*TASK GOAL*.
Return only the lines of the data below from the line with "文莱遮鲁东国际学校的高空鸟瞰图" up to and including the line with "Aqua Wedding Gown", exactly as written, with the pictures omitted.

*DATA FOR THIS EXERCISE*.

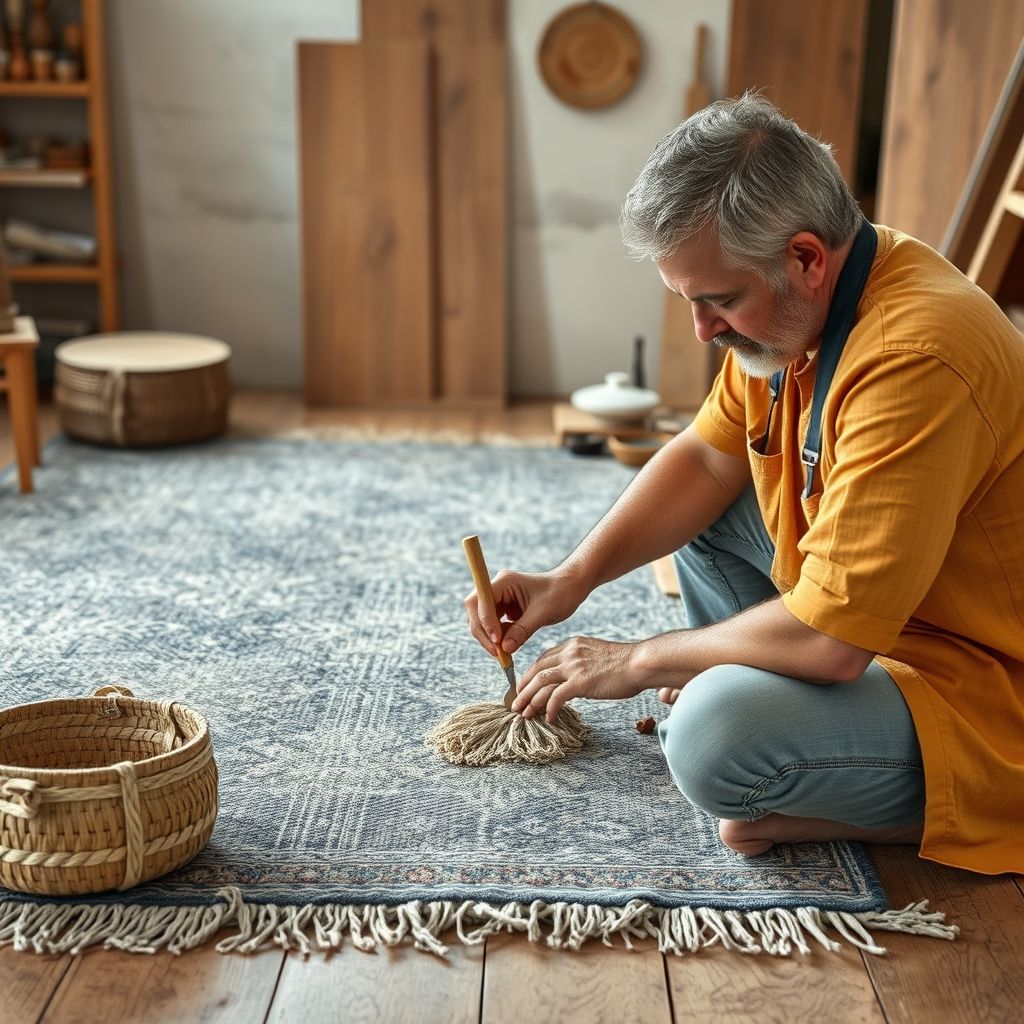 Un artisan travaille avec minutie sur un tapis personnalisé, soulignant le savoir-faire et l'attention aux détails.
* * *
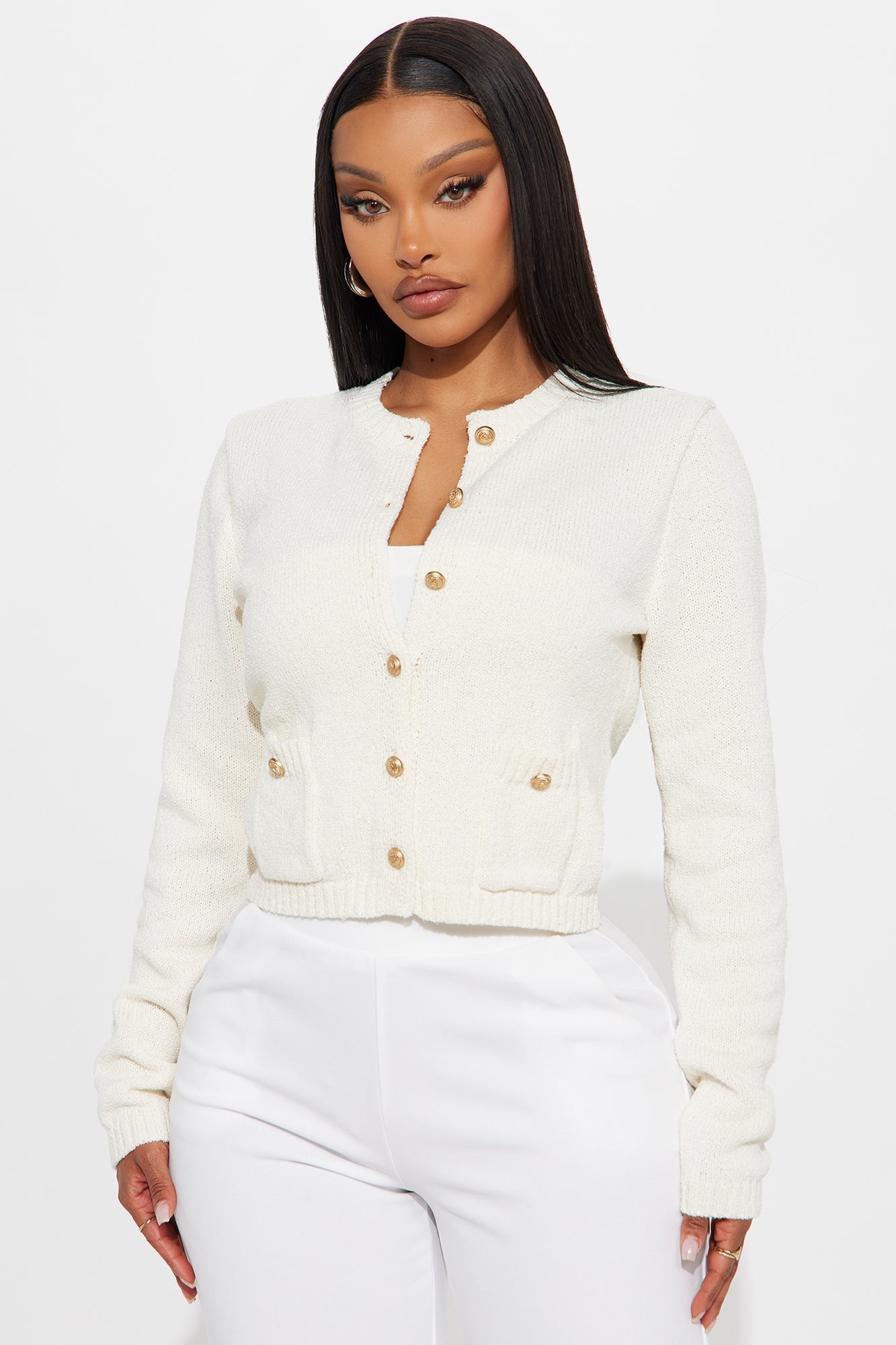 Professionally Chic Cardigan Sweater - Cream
* * *
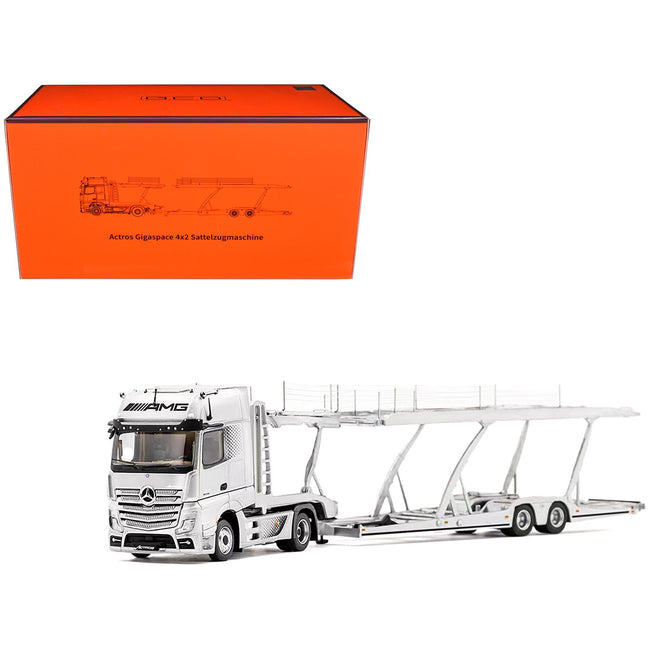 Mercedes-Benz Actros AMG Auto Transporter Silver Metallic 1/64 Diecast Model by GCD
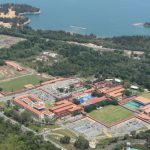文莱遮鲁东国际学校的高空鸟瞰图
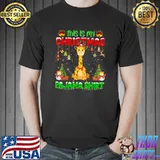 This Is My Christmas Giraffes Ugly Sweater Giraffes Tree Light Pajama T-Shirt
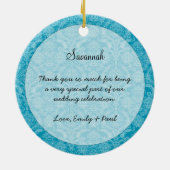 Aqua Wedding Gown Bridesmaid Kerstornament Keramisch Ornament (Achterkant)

*ANSWER TO THE EXERCISE*.
文莱遮鲁东国际学校的高空鸟瞰图
 This Is My Christmas Giraffes Ugly Sweater Giraffes Tree Light Pajama T-Shirt
 Aqua Wedding Gown Bridesmaid Kerstornament Keramisch Ornament (Achterkant)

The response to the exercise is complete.